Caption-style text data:
*****

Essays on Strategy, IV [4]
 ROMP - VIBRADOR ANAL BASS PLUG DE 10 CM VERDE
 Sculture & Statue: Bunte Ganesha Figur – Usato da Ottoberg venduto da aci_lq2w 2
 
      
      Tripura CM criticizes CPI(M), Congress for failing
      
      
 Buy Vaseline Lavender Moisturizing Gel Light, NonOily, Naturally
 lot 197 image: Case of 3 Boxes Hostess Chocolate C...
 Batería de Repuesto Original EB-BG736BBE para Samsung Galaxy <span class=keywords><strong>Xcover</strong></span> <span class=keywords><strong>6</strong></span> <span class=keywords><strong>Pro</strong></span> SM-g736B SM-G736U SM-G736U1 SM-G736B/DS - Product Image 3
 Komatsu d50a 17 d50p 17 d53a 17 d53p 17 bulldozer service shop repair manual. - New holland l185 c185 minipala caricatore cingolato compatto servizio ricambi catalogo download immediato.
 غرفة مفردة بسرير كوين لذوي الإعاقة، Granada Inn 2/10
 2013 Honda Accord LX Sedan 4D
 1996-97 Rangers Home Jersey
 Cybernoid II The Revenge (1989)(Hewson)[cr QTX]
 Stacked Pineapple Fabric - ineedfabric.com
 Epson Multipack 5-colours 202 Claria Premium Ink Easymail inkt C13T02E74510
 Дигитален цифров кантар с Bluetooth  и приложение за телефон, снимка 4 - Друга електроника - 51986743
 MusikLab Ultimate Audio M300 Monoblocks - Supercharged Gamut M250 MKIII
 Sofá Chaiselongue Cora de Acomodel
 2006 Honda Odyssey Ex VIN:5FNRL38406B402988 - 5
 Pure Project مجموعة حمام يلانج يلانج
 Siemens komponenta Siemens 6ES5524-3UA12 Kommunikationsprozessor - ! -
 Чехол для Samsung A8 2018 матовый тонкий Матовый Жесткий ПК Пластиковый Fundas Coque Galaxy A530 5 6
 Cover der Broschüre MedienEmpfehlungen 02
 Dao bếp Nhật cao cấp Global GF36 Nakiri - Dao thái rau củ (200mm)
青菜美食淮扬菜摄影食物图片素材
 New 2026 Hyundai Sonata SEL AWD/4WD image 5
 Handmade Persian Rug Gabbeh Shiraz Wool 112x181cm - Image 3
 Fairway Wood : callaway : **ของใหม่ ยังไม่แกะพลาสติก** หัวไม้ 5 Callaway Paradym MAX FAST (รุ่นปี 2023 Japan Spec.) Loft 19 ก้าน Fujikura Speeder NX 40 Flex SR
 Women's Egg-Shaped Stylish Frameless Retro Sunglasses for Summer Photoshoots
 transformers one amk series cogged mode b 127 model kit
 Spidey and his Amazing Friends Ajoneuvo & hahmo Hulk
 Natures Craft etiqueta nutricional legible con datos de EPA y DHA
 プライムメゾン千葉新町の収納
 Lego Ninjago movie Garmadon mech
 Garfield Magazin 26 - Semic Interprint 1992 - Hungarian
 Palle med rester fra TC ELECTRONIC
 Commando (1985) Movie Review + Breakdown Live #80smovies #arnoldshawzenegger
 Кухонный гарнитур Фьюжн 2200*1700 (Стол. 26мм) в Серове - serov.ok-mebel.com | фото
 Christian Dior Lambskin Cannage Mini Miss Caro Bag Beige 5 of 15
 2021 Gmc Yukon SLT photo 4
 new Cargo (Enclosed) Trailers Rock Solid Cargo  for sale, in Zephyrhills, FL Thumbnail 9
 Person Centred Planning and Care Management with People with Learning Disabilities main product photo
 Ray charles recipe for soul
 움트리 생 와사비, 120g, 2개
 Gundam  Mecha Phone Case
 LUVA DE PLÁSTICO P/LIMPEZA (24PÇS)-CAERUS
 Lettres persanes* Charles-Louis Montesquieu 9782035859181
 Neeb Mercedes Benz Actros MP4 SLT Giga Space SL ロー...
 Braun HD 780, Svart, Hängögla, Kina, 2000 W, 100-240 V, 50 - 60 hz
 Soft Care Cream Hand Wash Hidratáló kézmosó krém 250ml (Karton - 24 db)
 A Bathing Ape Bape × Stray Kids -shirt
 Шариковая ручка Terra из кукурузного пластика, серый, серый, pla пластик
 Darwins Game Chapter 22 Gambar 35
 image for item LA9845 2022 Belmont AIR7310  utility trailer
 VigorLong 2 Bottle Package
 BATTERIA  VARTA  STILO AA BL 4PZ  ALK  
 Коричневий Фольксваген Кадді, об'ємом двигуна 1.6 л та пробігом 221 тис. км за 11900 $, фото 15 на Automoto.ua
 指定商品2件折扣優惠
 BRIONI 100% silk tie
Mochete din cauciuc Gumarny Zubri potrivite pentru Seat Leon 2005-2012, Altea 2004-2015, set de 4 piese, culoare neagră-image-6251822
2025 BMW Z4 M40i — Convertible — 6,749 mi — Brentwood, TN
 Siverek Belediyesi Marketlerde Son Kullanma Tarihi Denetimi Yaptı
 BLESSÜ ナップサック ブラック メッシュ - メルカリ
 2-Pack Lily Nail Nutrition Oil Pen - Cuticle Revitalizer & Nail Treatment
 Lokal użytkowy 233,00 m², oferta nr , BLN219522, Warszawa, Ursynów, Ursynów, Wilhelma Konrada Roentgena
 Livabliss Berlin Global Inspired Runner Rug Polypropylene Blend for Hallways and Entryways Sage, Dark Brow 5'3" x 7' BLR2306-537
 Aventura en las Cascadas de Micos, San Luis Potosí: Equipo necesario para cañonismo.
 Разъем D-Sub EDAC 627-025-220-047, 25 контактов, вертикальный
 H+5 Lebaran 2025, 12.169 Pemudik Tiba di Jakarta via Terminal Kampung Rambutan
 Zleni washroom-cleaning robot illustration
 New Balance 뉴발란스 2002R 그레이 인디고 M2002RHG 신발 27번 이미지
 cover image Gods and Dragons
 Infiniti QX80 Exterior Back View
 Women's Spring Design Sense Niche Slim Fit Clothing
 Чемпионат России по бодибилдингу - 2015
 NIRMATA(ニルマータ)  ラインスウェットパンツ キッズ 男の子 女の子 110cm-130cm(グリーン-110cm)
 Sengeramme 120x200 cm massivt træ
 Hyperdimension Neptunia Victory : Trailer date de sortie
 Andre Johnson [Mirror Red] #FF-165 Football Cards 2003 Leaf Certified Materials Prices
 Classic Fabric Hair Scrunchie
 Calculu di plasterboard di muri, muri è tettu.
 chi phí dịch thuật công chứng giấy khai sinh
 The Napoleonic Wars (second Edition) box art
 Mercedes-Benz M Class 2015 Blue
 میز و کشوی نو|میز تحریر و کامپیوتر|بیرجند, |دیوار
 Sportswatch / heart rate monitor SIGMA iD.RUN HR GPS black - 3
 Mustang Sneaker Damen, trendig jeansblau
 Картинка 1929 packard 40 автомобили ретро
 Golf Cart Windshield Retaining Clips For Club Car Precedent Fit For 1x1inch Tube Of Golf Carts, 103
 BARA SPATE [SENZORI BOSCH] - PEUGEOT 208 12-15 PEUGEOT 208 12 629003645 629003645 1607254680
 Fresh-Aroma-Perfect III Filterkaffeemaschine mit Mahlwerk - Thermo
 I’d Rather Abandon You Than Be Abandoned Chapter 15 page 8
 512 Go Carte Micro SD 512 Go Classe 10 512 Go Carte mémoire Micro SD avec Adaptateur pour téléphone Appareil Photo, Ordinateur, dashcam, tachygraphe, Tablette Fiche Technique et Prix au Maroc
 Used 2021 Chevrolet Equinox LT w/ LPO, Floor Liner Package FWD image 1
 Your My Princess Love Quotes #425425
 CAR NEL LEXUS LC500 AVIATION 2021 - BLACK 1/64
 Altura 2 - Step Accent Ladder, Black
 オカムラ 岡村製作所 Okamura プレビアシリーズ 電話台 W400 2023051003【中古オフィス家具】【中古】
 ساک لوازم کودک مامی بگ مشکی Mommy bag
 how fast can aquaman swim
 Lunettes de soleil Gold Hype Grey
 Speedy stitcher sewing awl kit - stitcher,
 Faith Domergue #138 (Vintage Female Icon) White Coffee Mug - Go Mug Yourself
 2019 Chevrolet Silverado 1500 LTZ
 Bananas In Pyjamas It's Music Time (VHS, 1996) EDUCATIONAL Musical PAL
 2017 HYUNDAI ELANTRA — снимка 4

*****

> _Directions_: If a line in the entries above contains the word "Chapter", count it, and give only the final number.

> _Task answer_: 2